User Guide¶
[1]:
import ipcoal
import toytree
import numpy as np
Workflow¶
The user interacts with ipcoal through the Model object, through which the following are defined: * Tree topology * Effective population size * Admixture * Substitution rate * Recombination rate
Then, the methods .sim_loci()
or .sim_snps()
generate data based on the input parameters.
The resulting simulated data consists of a dataframe object that holds the simulated genealogies, and matrices that contain the actual simulated sequences.
After data simulation with .sim_loci
, ipcoal can automatically infer a gene tree from the simulated data at each locus. These gene trees are then incorporated into the dataframe object.
Defining the tree topology¶
ipcoal
uses a toytree
tree object as input for the toplogy of the species tree.
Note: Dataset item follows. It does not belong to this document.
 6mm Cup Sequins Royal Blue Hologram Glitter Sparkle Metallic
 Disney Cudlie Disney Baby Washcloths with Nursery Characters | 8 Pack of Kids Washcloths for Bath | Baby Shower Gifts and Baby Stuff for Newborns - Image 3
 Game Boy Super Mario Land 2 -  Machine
You can read more about toytree at the toytree docs.
A toytree
tree object can be generated three different ways:
random topology¶
[2]:
# define the tree topology
tre = toytree.rtree.coaltree(5)
tre.draw(tree_style='c');
Using the coaltree function multiple times can give different topologies and different node heights:
[3]:
# generate 3 randome trees, save as a multitree object
mtre = toytree.mtree([toytree.rtree.coaltree(5) for i in range(3)])
# plot the trees
mtre.draw_tree_grid(
start=0,
nrows=1, ncols=3,
shared_axis=True,
edge_type='c',
);
Node heights can be randomly shifted using the node_slider()
method:
[4]:
# apply `node_slider()` three times to the first tree in our multitree object
nodeslide_trees = toytree.mtree([mtre.treelist[0].mod.node_slider() for i in range(3)])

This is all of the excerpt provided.